About this exercise →
Pictures are to be dropped, and only the lines from the one containing "Ralph Lauren Shirt" through the end of the data below are to be reproduced as written.

Material provided →
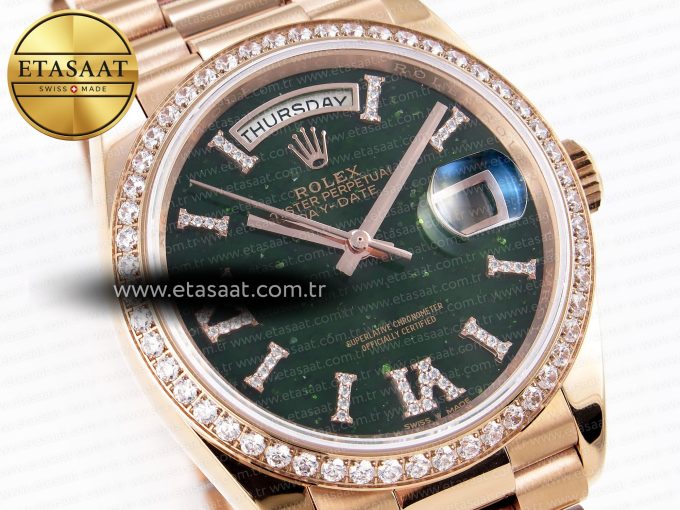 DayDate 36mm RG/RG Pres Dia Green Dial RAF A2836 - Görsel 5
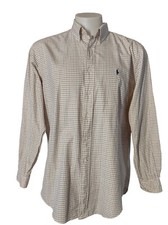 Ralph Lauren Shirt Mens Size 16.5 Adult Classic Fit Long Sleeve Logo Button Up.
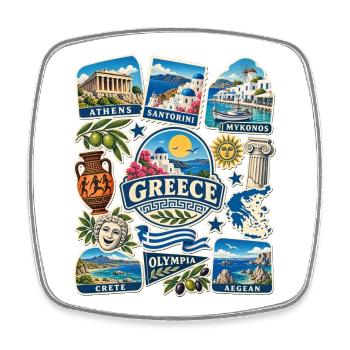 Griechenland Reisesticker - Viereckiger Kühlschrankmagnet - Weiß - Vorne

The answer →
 Ralph Lauren Shirt Mens Size 16.5 Adult Classic Fit Long Sleeve Logo Button Up.
 Griechenland Reisesticker - Viereckiger Kühlschrankmagnet - Weiß - Vorne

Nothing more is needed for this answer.